Eduardo Mendes, diretor de Operações Imobiliárias da empresa pública, contou que as negociações em torno do valor do imóvel são intensas. Em 50% a 60% dos casos, os proprietários pedem uma reavaliação.
— Nesses casos, convidamos o morador e discutimos o valor. Se as razões forem plausíveis, mandamos os técnicos a campo para verificar questões de metragem e benfeitorias.
Não somos perfeitos. Às vezes, temos que admitir que o valor que demos estava errado — disse Mendes.
Para a avaliação, o estado obedece a um decreto publicado em janeiro com a tabela de uma série de benfeitorias, como telhados, lajes e padrão de acabamento. Se há casos de imóveis que passam de R$ 60 mil, também há outros de valor baixo, como um cômodo de madeira de oito metros quadrados na Rocinha, usado como garagem, de R$ 400.

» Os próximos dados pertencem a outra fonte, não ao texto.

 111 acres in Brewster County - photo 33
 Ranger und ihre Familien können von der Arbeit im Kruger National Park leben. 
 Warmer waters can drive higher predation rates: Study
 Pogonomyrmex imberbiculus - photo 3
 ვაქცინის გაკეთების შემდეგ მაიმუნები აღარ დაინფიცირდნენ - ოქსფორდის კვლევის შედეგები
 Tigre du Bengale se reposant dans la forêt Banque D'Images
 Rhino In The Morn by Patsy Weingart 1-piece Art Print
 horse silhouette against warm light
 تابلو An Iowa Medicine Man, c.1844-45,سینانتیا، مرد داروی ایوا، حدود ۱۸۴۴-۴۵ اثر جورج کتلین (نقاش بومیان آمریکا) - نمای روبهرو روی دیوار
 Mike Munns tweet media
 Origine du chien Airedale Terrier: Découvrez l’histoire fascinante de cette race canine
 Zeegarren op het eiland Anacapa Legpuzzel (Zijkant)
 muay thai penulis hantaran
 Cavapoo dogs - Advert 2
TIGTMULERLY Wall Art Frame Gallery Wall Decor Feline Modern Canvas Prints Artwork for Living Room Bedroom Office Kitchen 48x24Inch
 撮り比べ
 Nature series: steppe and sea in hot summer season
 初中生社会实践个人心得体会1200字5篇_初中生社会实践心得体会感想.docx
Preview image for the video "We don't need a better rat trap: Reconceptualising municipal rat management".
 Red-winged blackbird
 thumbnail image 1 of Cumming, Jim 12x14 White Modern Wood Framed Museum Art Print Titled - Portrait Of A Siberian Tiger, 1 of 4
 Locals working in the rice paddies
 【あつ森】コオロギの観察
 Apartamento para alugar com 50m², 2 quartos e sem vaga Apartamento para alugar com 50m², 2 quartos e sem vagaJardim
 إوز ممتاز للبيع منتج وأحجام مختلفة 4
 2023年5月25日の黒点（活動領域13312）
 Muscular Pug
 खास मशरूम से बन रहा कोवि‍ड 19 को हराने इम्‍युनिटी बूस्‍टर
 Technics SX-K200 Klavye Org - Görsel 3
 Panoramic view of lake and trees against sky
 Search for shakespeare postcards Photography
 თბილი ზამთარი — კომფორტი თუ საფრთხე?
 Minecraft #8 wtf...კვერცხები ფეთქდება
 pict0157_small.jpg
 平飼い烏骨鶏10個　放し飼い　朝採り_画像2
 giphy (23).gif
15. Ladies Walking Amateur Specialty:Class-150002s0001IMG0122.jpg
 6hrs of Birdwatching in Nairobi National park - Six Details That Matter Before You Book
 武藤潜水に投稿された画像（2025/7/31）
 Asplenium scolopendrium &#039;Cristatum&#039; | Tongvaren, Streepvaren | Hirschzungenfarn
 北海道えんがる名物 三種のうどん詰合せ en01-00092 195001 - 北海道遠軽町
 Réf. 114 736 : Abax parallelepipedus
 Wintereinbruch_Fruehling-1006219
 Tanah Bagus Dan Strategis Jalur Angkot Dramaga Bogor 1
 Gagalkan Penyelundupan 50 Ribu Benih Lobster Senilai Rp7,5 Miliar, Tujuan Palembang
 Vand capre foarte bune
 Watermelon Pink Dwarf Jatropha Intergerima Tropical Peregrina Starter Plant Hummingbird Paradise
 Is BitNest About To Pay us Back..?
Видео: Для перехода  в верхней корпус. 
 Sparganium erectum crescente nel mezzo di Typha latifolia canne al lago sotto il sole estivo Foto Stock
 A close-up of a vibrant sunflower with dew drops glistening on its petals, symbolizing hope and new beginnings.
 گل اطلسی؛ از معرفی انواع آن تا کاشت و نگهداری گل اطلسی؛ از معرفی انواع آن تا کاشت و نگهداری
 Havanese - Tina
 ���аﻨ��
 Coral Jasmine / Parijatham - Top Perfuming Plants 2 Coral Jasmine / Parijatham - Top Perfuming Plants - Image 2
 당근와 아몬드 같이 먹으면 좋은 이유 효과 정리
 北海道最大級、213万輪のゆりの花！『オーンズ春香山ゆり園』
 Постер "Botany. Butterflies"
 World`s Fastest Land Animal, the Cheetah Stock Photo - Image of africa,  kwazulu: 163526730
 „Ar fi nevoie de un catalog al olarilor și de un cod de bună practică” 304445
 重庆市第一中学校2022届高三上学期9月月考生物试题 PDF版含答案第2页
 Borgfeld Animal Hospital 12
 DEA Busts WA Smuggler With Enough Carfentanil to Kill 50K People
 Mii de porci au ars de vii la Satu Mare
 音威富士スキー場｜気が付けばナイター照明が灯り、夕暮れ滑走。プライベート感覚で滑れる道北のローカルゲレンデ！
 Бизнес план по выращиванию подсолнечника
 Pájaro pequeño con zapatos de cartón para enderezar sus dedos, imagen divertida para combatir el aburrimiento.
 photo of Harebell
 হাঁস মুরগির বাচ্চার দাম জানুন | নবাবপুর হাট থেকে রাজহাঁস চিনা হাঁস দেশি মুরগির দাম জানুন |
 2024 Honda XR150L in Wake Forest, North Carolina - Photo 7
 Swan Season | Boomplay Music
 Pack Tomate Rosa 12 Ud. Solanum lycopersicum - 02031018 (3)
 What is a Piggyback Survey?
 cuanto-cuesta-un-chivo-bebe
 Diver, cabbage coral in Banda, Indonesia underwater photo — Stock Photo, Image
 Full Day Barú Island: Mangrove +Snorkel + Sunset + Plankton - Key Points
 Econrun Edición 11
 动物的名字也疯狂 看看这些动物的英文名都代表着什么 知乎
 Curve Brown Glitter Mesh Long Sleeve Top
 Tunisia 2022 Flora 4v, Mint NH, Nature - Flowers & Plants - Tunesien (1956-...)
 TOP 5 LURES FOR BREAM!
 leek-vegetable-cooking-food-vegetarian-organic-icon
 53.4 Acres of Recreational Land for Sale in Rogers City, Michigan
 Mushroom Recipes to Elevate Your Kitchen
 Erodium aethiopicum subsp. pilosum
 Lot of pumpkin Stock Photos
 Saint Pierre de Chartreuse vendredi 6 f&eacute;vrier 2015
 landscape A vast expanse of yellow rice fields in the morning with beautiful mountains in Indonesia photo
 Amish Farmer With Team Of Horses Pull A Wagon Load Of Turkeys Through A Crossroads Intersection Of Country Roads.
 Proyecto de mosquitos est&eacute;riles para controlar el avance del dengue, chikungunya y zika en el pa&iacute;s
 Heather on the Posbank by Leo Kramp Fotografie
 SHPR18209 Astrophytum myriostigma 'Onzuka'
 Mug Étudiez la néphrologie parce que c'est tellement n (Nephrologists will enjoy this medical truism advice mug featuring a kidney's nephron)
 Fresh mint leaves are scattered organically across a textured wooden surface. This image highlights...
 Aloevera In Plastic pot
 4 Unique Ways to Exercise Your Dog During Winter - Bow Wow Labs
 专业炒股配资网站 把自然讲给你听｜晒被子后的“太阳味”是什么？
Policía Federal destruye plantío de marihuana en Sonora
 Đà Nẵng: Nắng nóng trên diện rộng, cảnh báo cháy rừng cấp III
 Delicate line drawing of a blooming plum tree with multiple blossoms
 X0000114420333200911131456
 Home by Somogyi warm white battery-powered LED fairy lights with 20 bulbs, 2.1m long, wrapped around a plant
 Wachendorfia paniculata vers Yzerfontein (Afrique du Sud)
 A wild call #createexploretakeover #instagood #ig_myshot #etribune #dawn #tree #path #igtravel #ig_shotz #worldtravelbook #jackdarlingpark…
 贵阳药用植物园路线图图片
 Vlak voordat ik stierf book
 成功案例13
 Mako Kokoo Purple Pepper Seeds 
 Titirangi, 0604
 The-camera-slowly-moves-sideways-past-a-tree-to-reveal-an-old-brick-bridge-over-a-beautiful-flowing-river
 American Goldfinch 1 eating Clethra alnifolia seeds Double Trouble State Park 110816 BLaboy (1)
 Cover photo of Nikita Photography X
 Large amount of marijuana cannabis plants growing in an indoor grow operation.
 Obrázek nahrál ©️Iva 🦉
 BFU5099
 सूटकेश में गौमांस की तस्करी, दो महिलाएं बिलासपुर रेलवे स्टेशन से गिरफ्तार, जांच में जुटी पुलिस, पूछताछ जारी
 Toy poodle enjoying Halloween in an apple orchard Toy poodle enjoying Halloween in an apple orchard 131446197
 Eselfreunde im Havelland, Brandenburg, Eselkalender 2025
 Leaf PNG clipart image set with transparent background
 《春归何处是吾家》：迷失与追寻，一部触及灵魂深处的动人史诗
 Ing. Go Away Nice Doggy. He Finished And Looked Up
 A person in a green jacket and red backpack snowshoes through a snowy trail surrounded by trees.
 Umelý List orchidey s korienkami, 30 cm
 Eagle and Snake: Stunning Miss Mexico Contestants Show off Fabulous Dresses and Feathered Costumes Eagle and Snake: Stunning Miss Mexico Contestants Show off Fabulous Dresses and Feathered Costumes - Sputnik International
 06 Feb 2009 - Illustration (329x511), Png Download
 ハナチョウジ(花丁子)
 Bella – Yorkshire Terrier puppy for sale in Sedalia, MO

O vice-presidente da Associação de Dirigentes de Empresas do Mercado Imobiliário (Ademi), Rubem Vasconcelos, disse que, apesar de alguns valores altos de indenização, o poder público está acertando ao tomar a atitude de fazer intervenções nas favelas.
— É preciso tomar a decisão e fazer — comentou Rubem, acrescentando que, com R$ 60 mil, seria possível comprar um imóvel em área regular em regiões mais distantes, como a Zona Oeste e a Baixada Fluminense.
Luiz Cesar de Queiroz, professor titular do Instituto de Pesquisa e Planejamento Urbano e Regional (Ippur) da UFRJ, afirma que, do ponto de vista formal, é um contra-senso o estado pagar por um imóvel que está numa área irregular. Mas ele acrescenta que é preciso levar em conta o fator social: — Essa realidade, mesmo ilegal, tem uma legitimidade social que obriga o estado a agir com essa ambigüidade.
Pode ser ilegal, mas é socialmente legítimo.